▸ **Work request**
For the data below, retype word for word the lines from the one containing "Meuble-lavabo 30 po" through the one containing "70s Striped Ascot"; drop the pictures.

*** Exercise input Section Begins ***

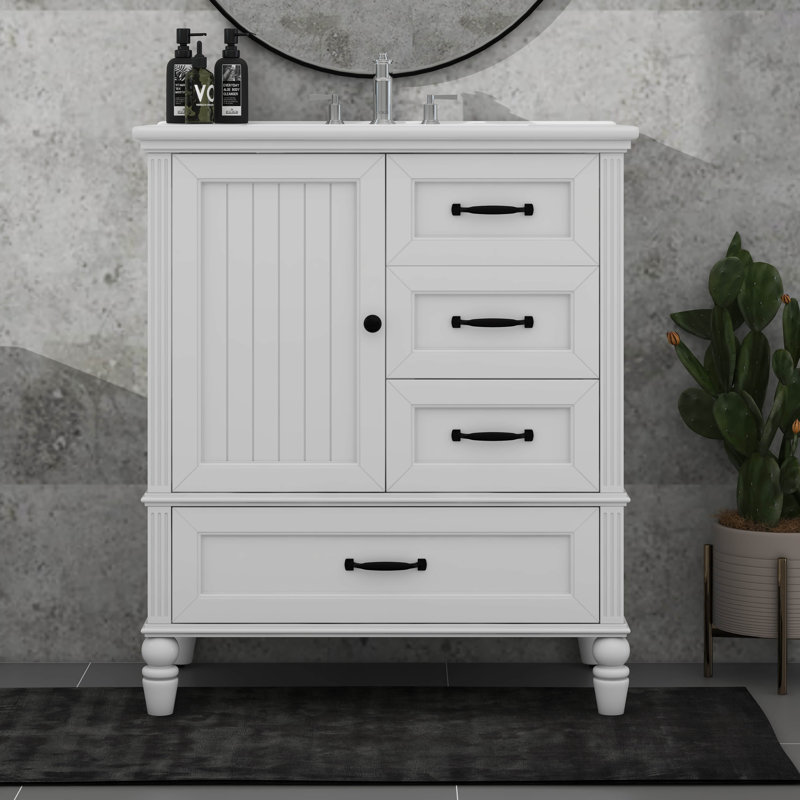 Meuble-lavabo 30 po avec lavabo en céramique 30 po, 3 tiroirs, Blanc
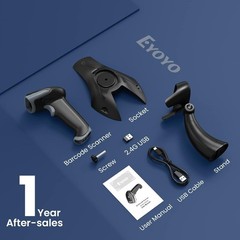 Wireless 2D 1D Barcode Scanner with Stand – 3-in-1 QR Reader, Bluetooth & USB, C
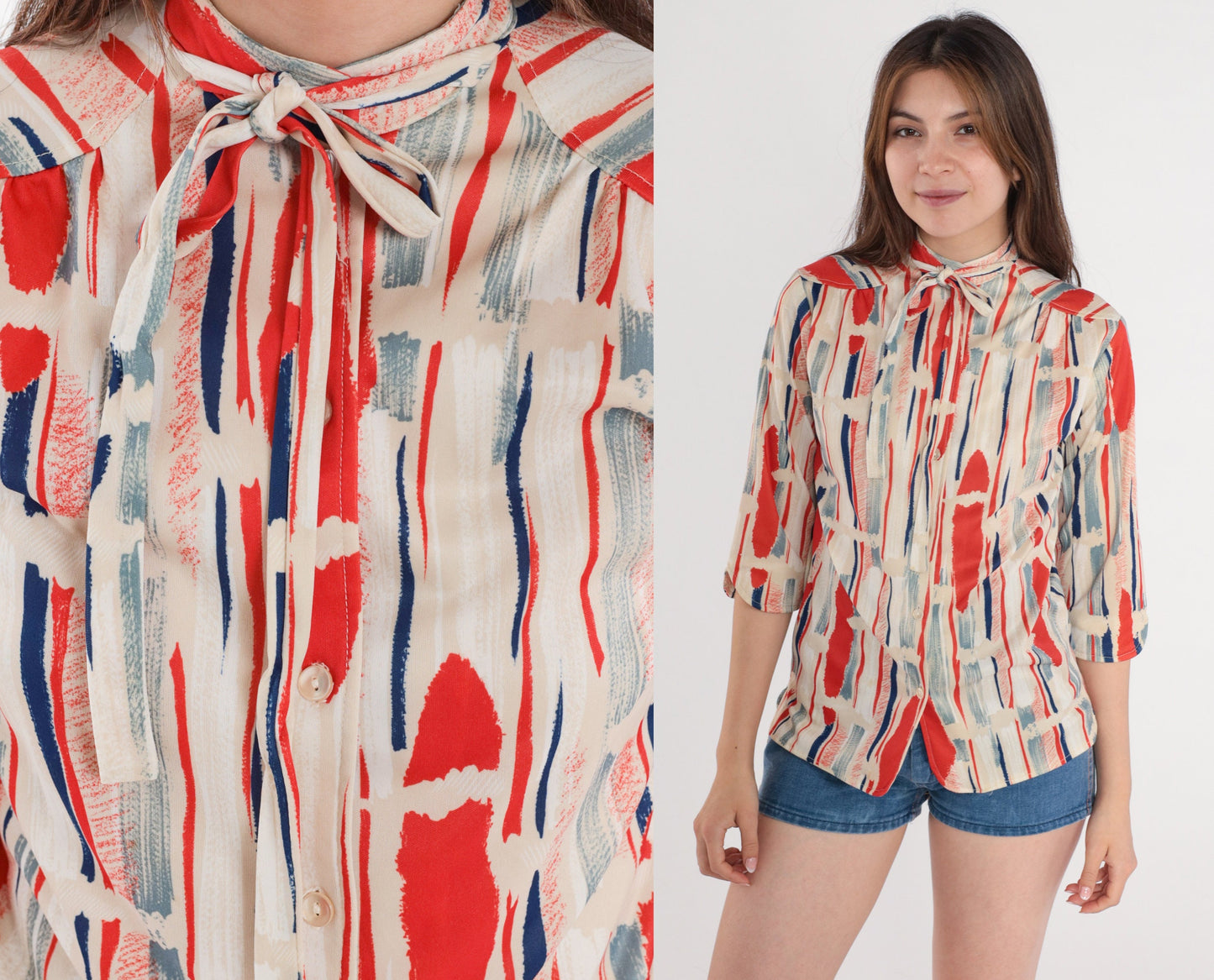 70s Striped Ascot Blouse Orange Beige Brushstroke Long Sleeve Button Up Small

*** Exercise input Section Ends ***
*** Exercise input Section Begins ***

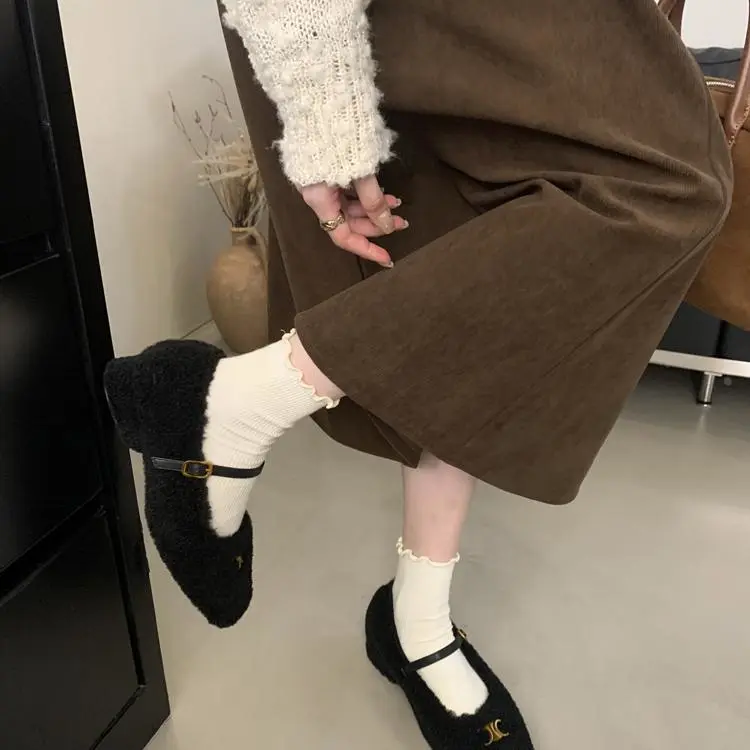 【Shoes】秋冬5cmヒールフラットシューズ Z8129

*** Exercise input Section Ends ***

▸ **Task solution**
 Meuble-lavabo 30 po avec lavabo en céramique 30 po, 3 tiroirs, Blanc
 Wireless 2D 1D Barcode Scanner with Stand – 3-in-1 QR Reader, Bluetooth & USB, C
 70s Striped Ascot Blouse Orange Beige Brushstroke Long Sleeve Button Up Small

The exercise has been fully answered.